Cakewalk is DPI-aware, afaik. At least It has always seamlessly adapted to whatever display I'm using, and there've been a few over the past 36 years. Adapting to different monitors implies that the application "knows" the current resolution (as informed by Windows), which is all DPI awareness means. Yes, there is a more advanced mode that lets programs adapt on the fly to changing resolutions. But that only comes into play when, say, you drag the track view to another monitor that's at a different resolution than your main display.

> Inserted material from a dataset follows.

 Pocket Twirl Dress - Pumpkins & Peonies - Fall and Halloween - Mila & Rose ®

If Cakewalk is distorted or blurry, it isn't because it doesn't know the DPI. In fact the monitor is probably at its default setting of (probably) 96 dpi. The distortions are caused by the monitor attempting to fake a lower resolution.

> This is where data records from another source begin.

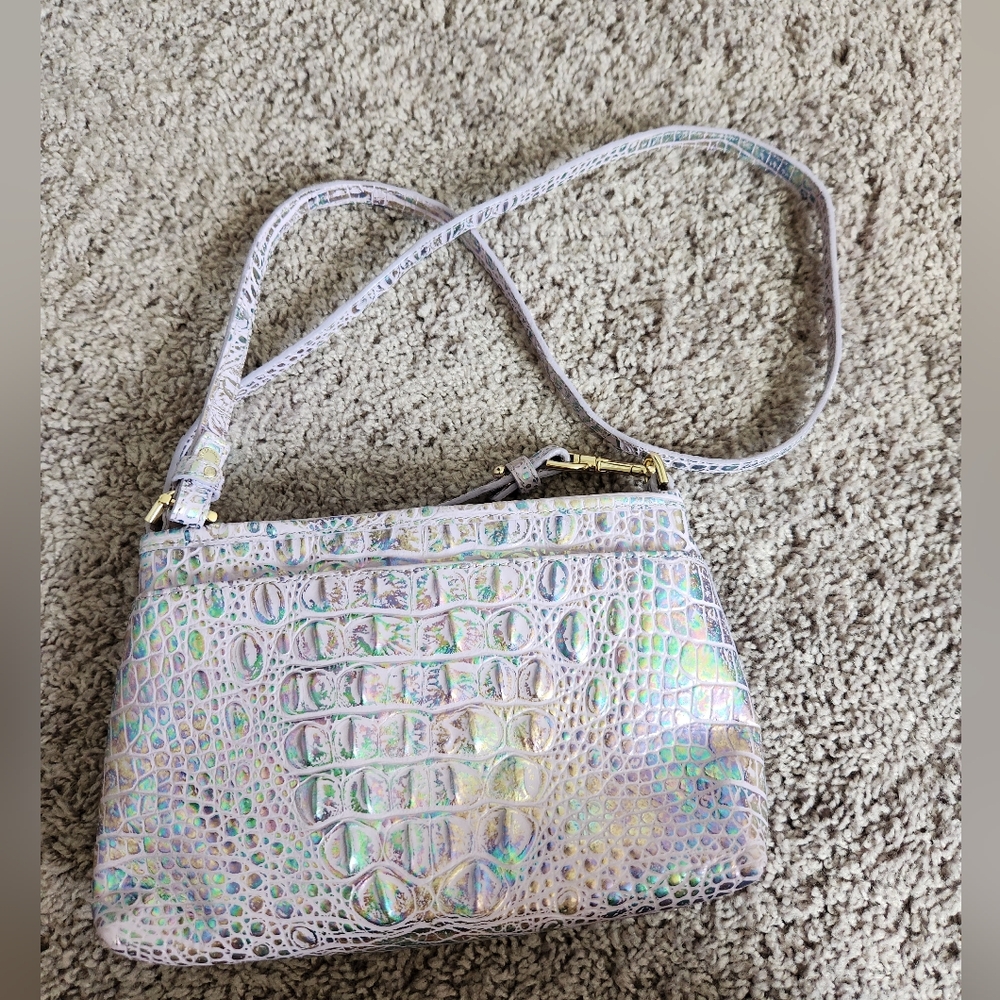 Brahmin Violet Wonderland Crocodile Embossed Crossbody Bag - Picture 7 of 12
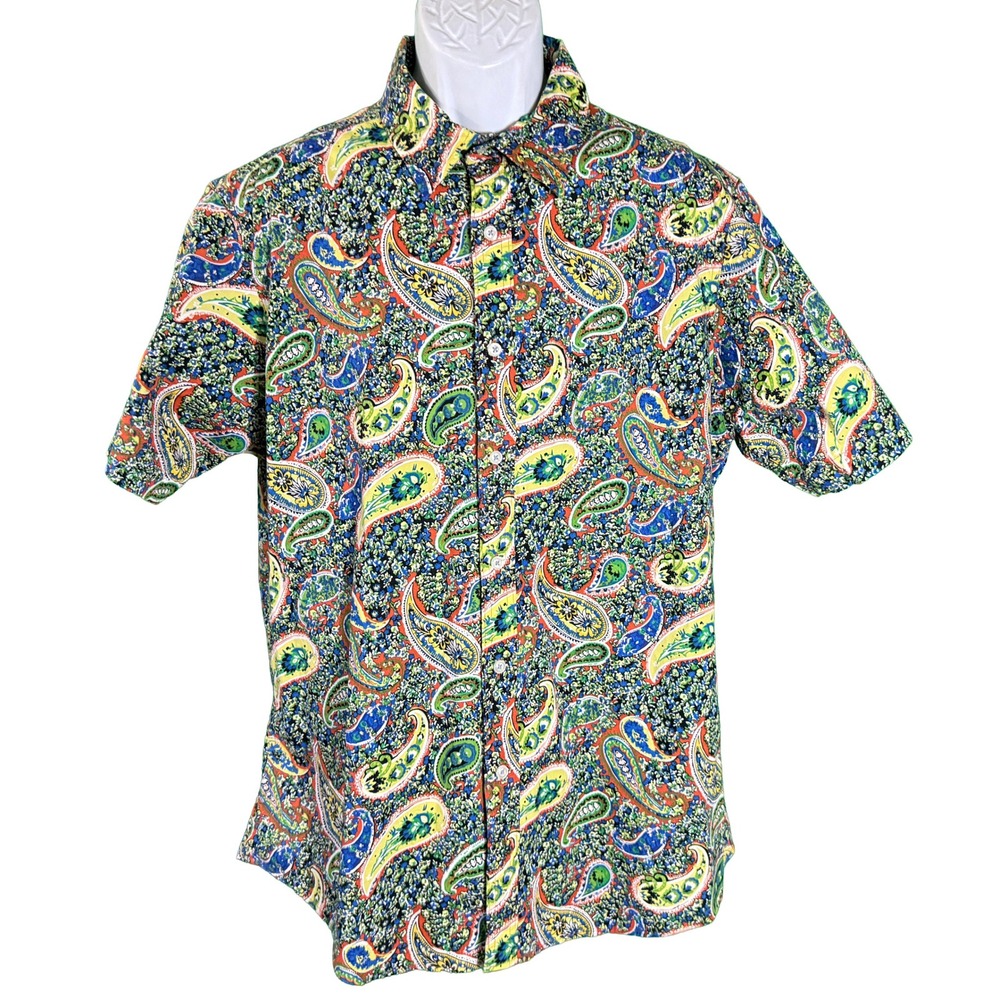 Cremieux Button Down Shirt Mens XL Multi Color Paisley Floral Short Sleeve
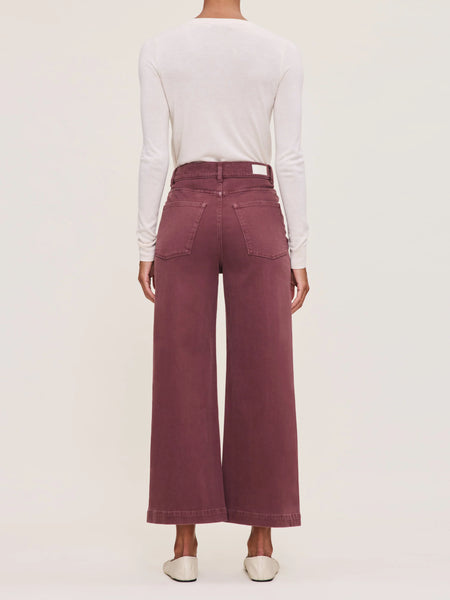 Hepburn High-Rise Twill Wide Leg Ankle: Dried Rose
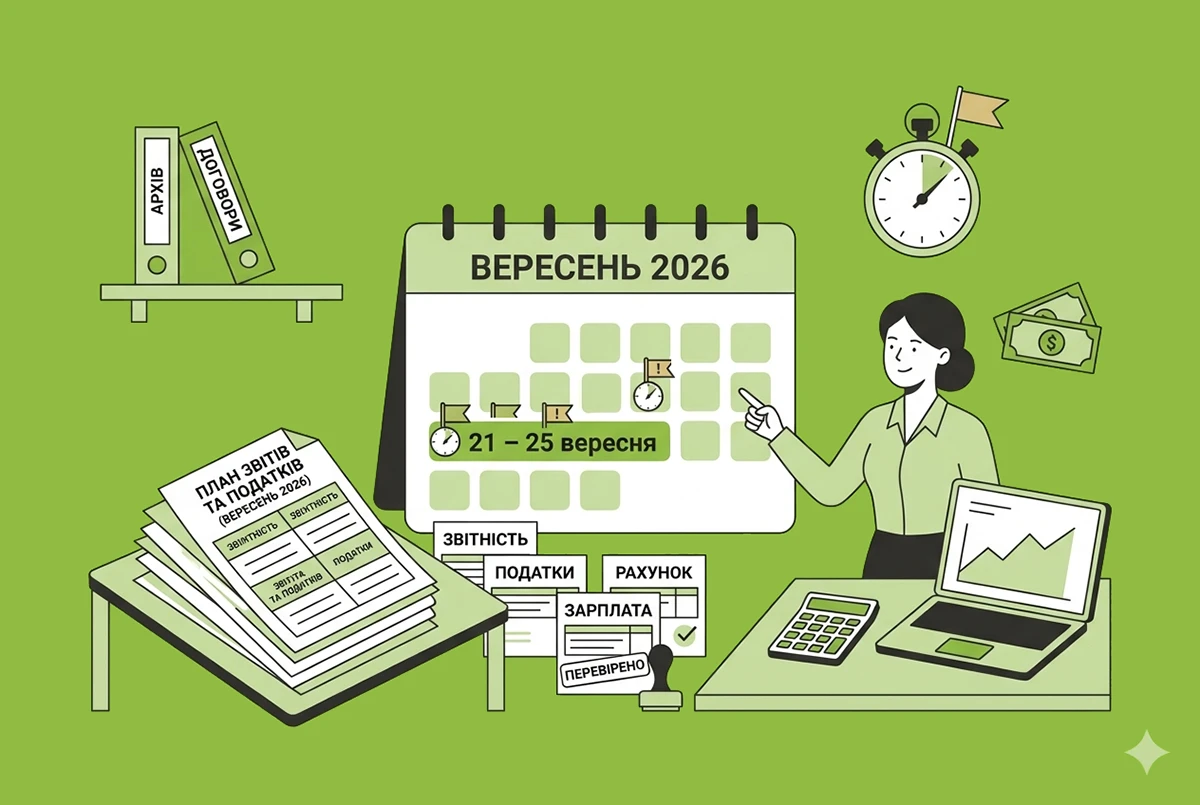 Календар бухгалтера на 21 – 25 вересня 2026 року: усі строки звітування та сплати податків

I always use a display's native resolution, because that's always going to yield the best results.  At one point I had a 20" monitor that was too high-res for its size, making the text difficult to read. That issue went away when I replaced it with a pair of 24" displays. Nowadays I use a pair of 34" widescreen displays, which work much better with my old eyes. Both are running at the same resolution.

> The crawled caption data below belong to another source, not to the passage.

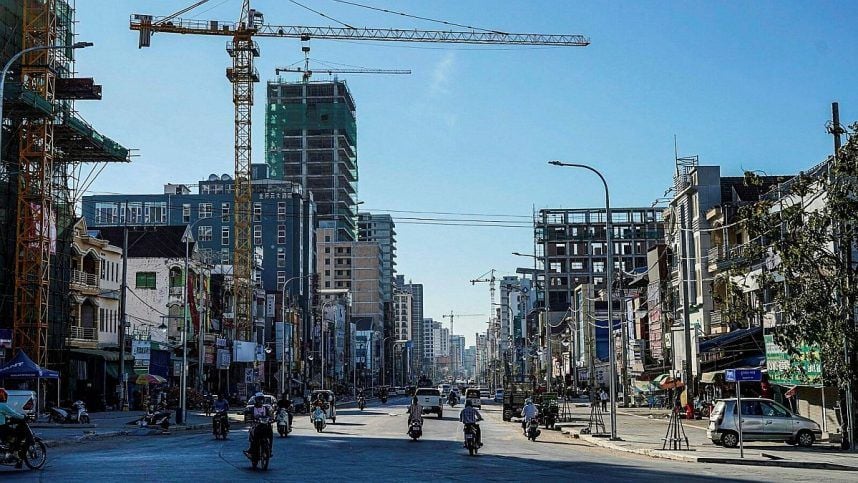 The Cambodia city of Sihanoukville under construction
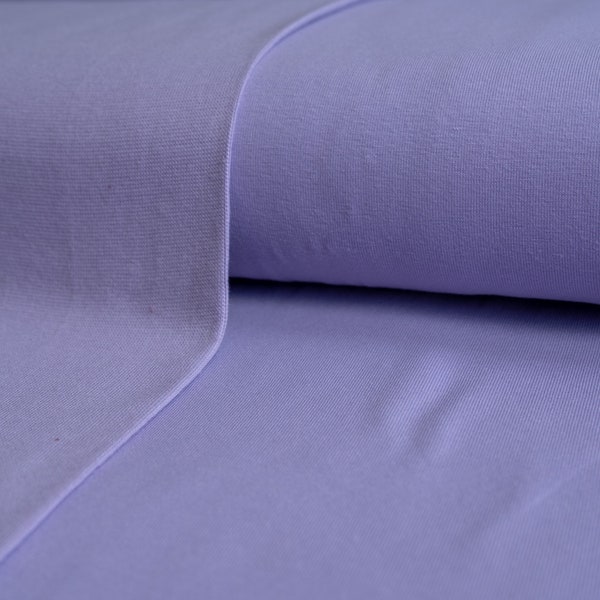 Plain Lilac Cotton Jersey, Solid Stretch Knit Fabric, 220gsm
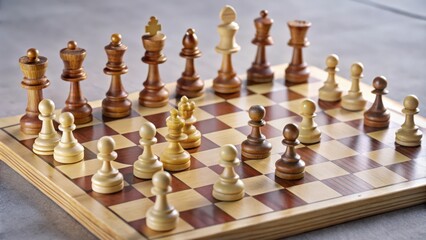 Wall Mural - Wooden Chess Set with Pieces Arranged on Board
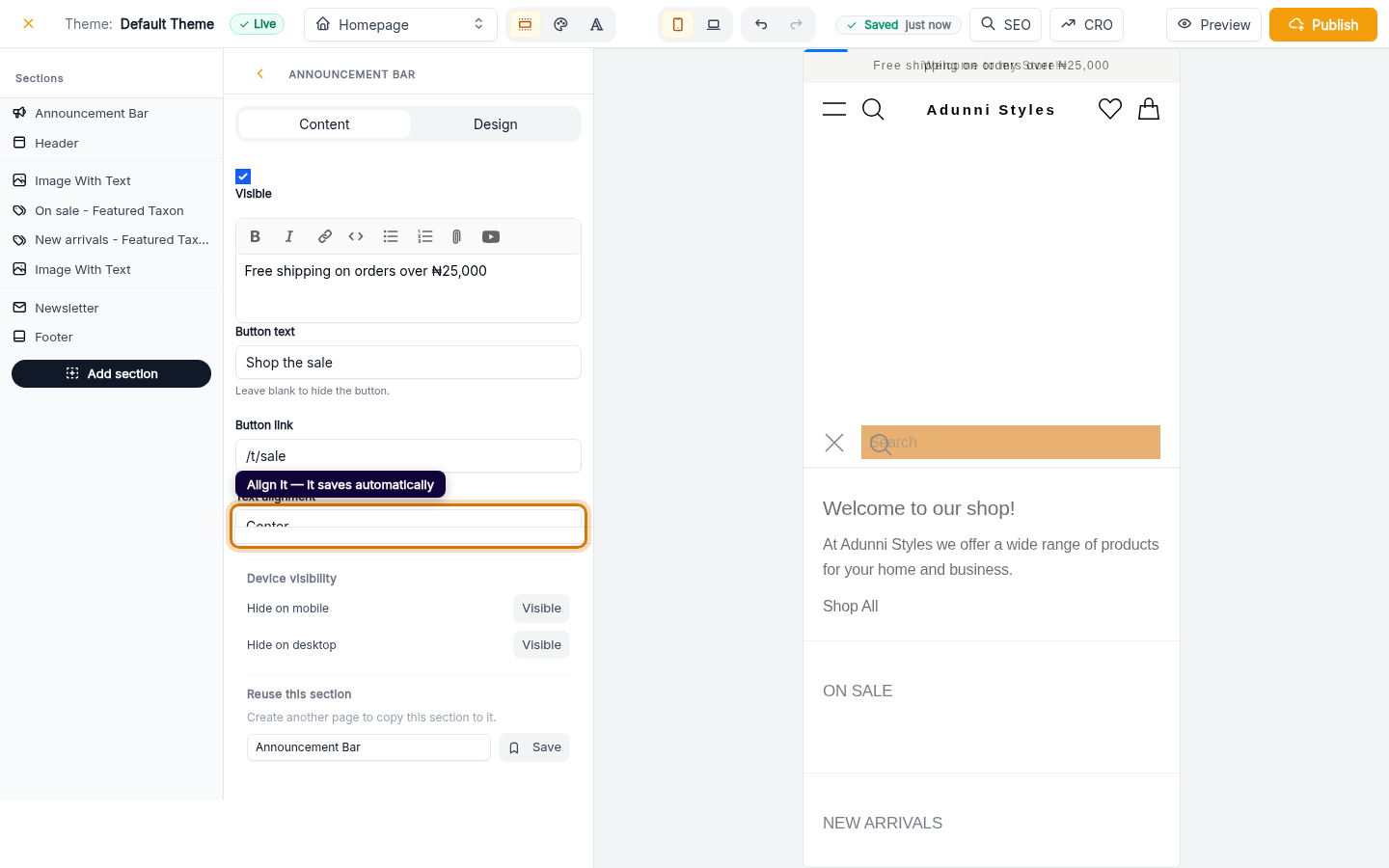 Add a store banner: step 5 (web)
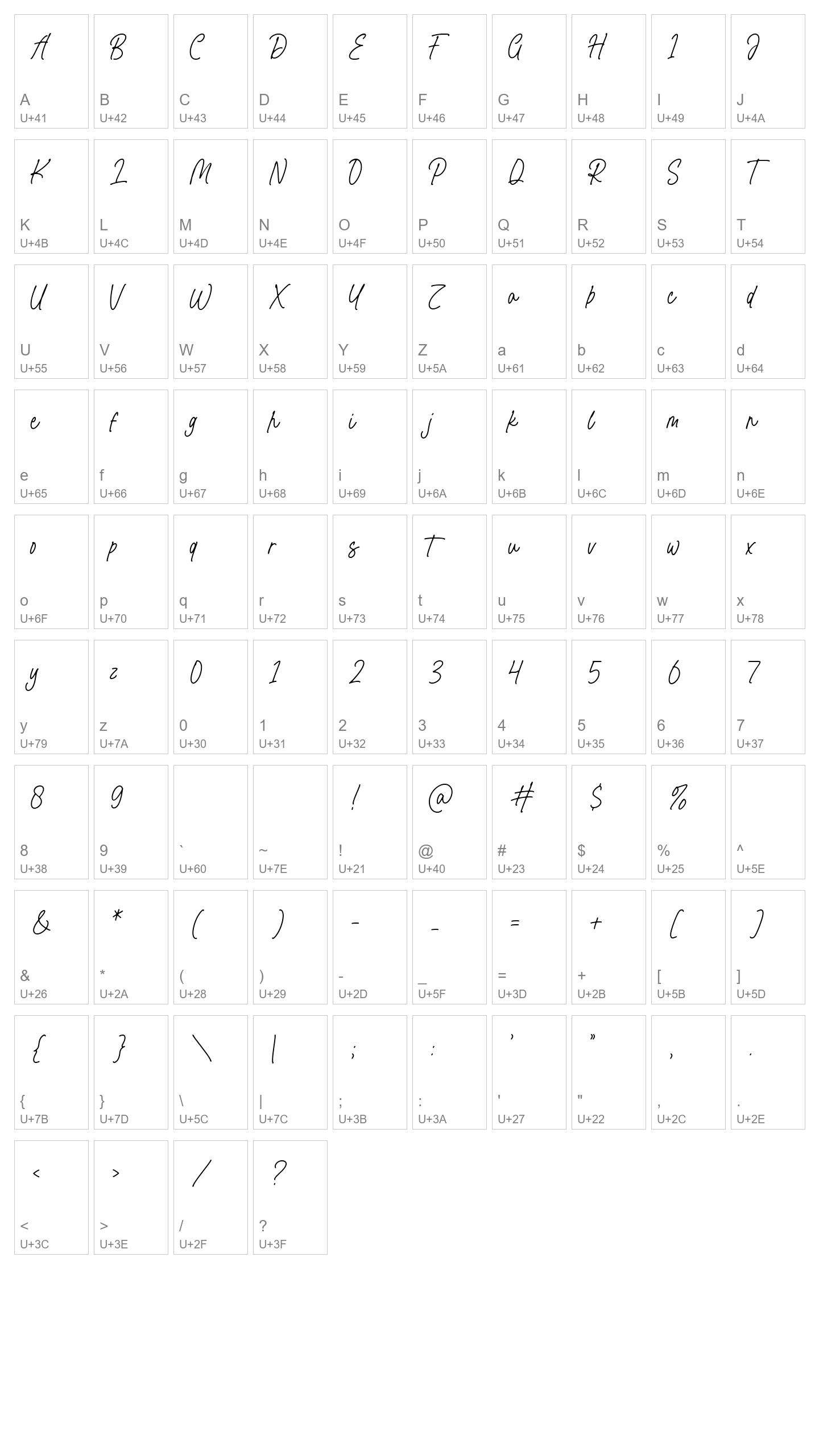 Character Map Image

As for what the "best" monitor size is, I'd say the biggest one that will fit between your speakers without impinging on line of sight to them. For me that worked out to 34", which was as large as I could go and still have an equilateral triangle between ears and speakers without the display occluding them. My two displays are not side-by-side, obviously, but stacked. I actually prefer that setup because it's not as far when I drag something to the other display.

Many good points here, Bitflipper, thanks!

You're right, it's the equilateral triangle problem that causes me grief... I monitor at close distance so space is scarce. I am desperately trying to fit a dual screen setup, with potentially a 27" + maybe something extra within at tops 130 cm (51 inches). 😅 Wow, dual 34" sounds lovely. Yeah, if you'd not have stacked them you'd be doing midfield monitoring. ;)

I have to confess I'm not 100% on top of the terminology, but whatever it's called, Cakewalk doesn't handle scaling very well. (As a comparison, I used Ableton Live, which looks crisp on all scaling settings.)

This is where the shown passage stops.